======== RECORDS SUPPLIED ========
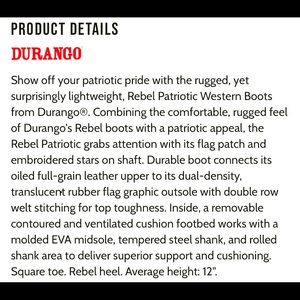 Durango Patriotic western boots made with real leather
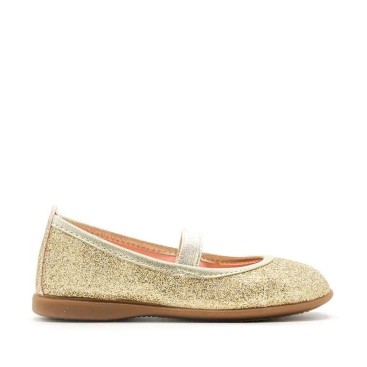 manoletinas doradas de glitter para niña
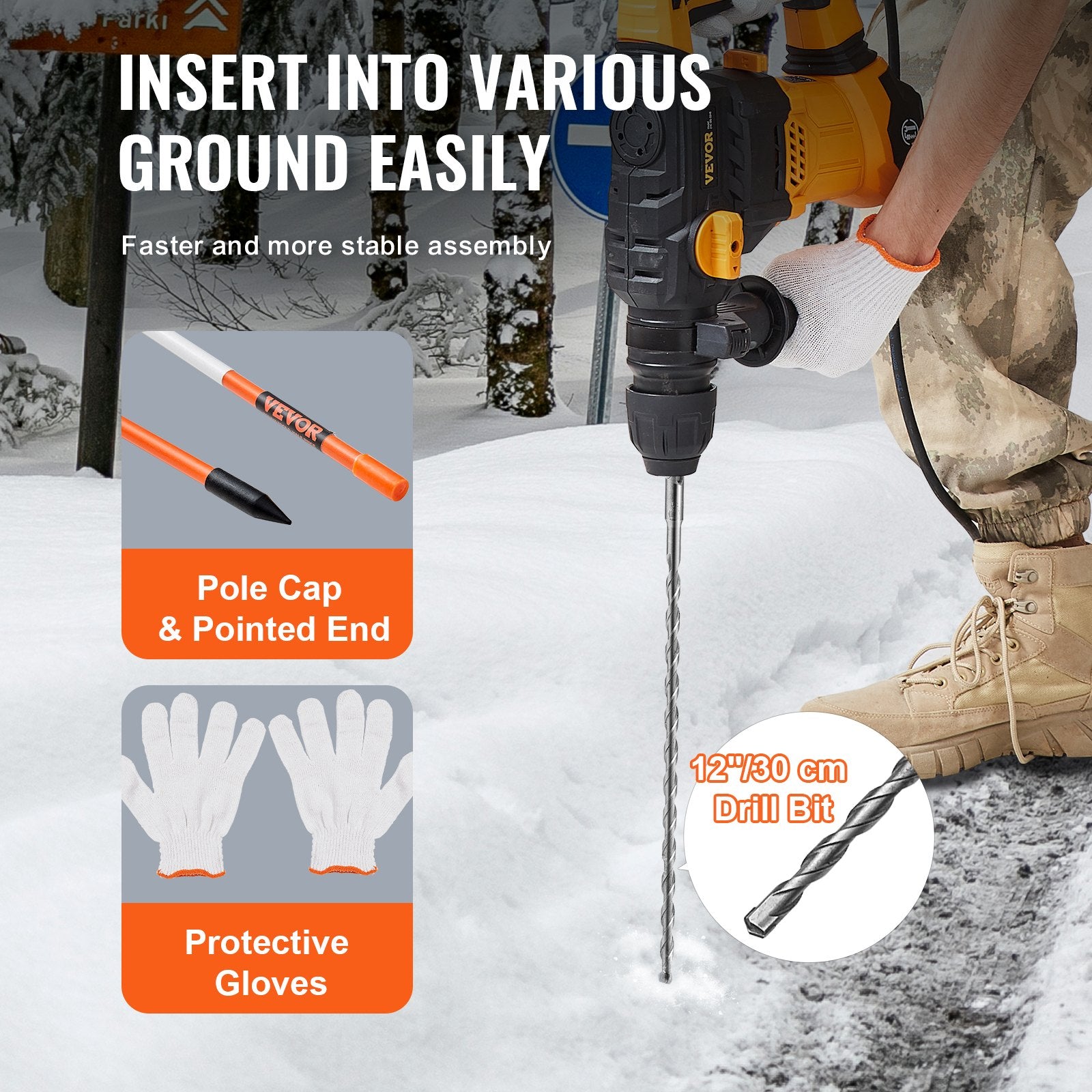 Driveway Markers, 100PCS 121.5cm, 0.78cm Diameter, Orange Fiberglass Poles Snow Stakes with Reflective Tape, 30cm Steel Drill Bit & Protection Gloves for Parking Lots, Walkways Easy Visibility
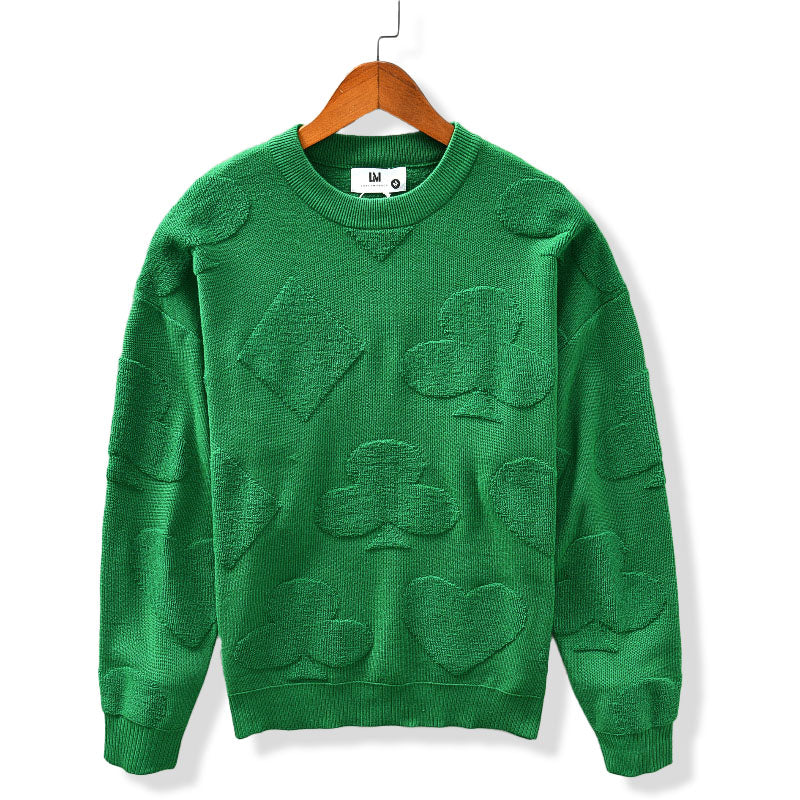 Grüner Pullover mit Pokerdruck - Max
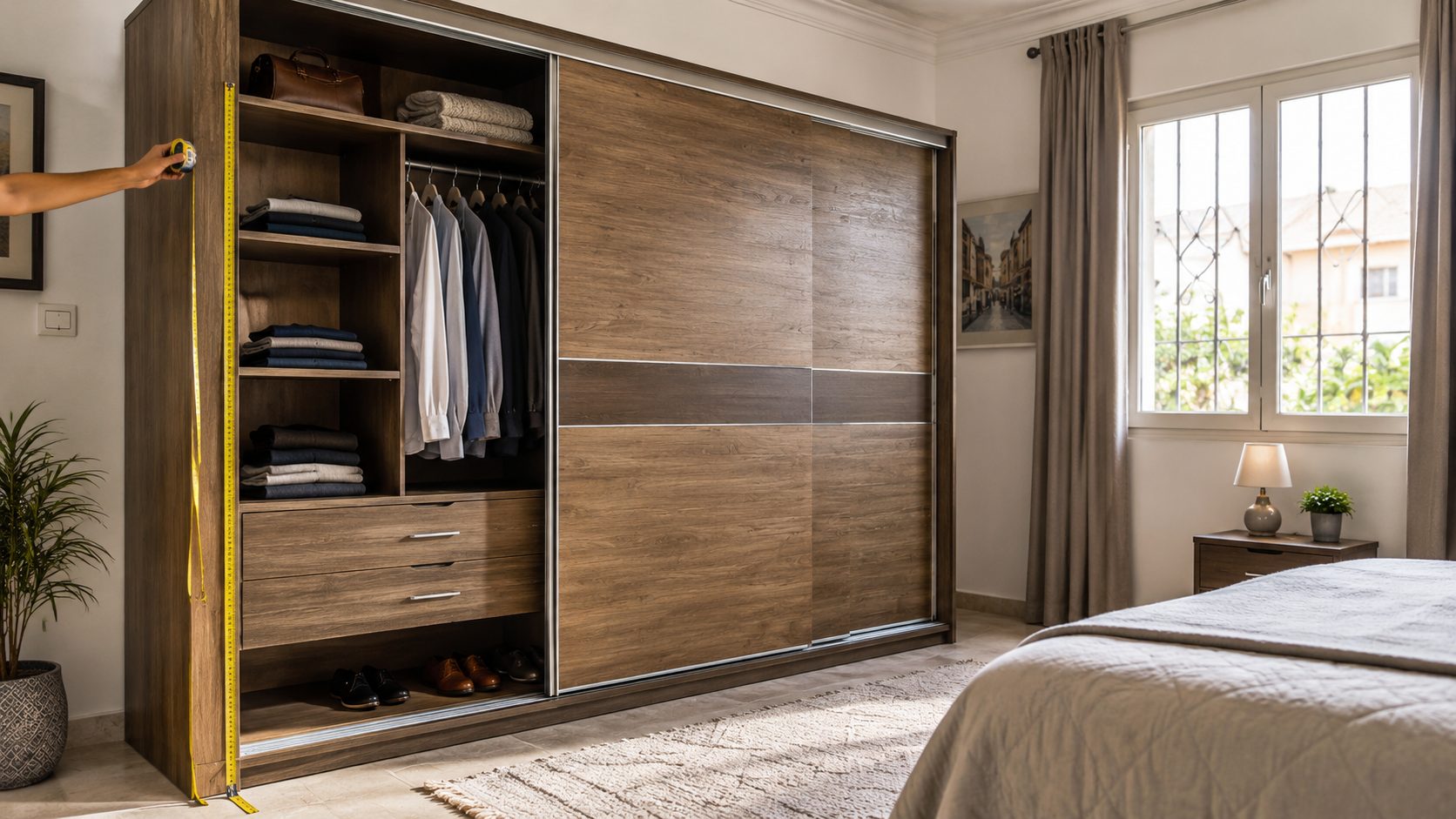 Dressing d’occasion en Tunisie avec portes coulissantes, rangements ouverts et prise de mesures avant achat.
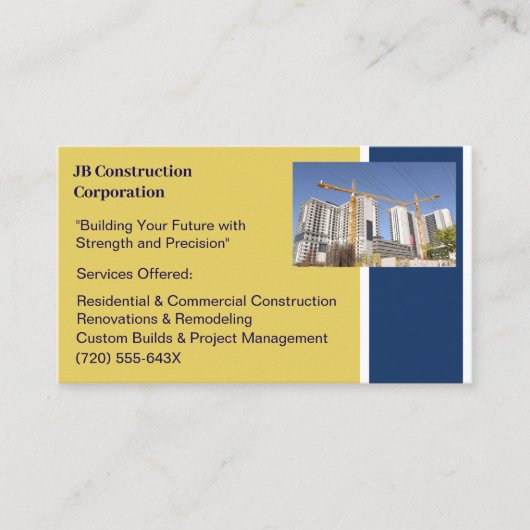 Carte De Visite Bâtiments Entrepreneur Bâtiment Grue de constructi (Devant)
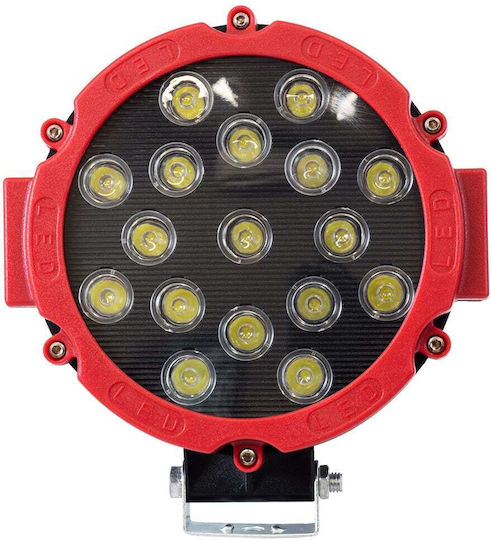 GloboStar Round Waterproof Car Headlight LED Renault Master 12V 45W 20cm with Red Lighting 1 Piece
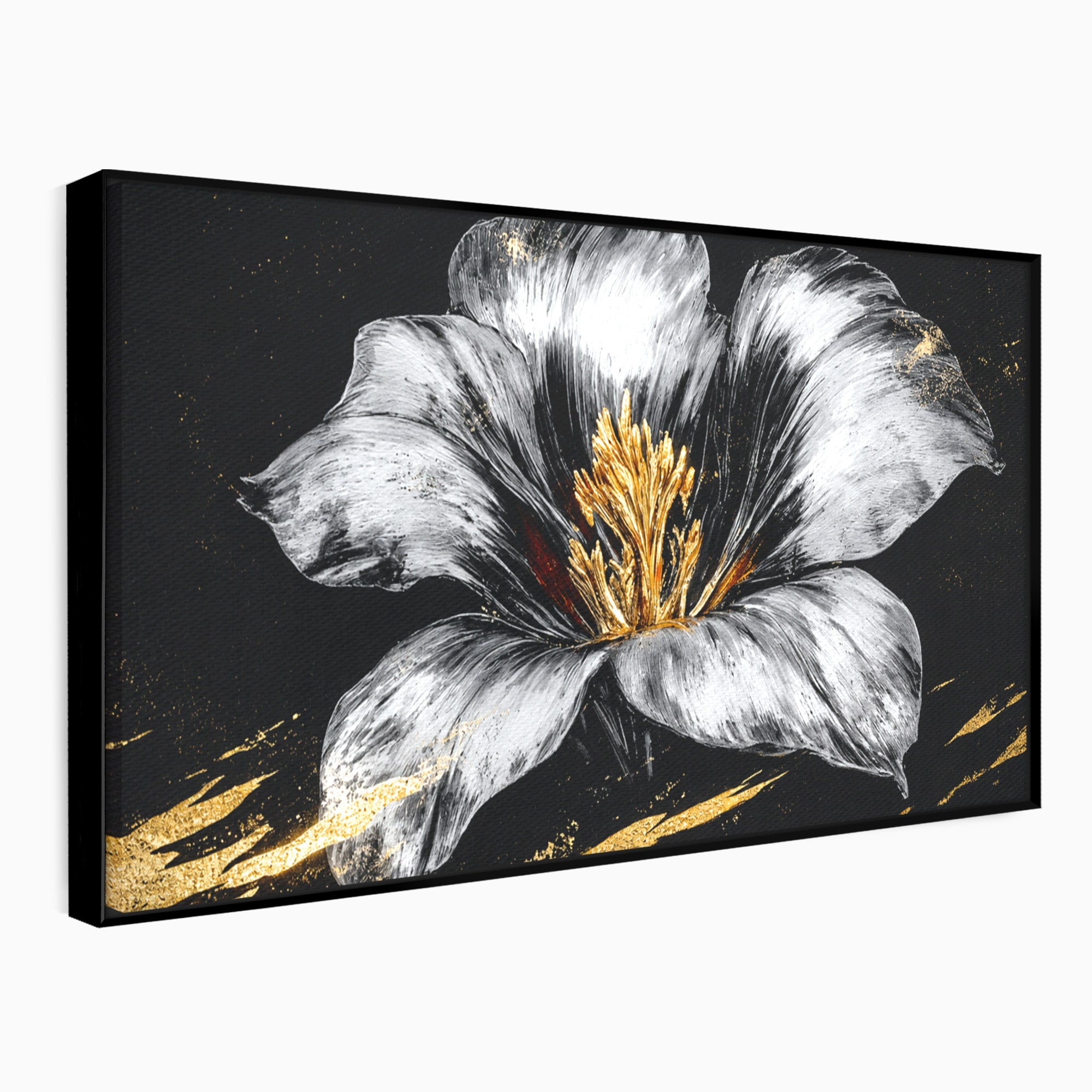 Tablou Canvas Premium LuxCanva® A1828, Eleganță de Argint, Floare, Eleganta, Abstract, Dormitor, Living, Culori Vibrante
========
● **YOUR OBJECTIVE**
All lines above between the line that contains "Carte De Visite" and the last line of the entries, both included, must be transcribed exactly. No pictures are to appear.

● **REPLY**
 Carte De Visite Bâtiments Entrepreneur Bâtiment Grue de constructi (Devant)
 GloboStar Round Waterproof Car Headlight LED Renault Master 12V 45W 20cm with Red Lighting 1 Piece
 Tablou Canvas Premium LuxCanva® A1828, Eleganță de Argint, Floare, Eleganta, Abstract, Dormitor, Living, Culori Vibrante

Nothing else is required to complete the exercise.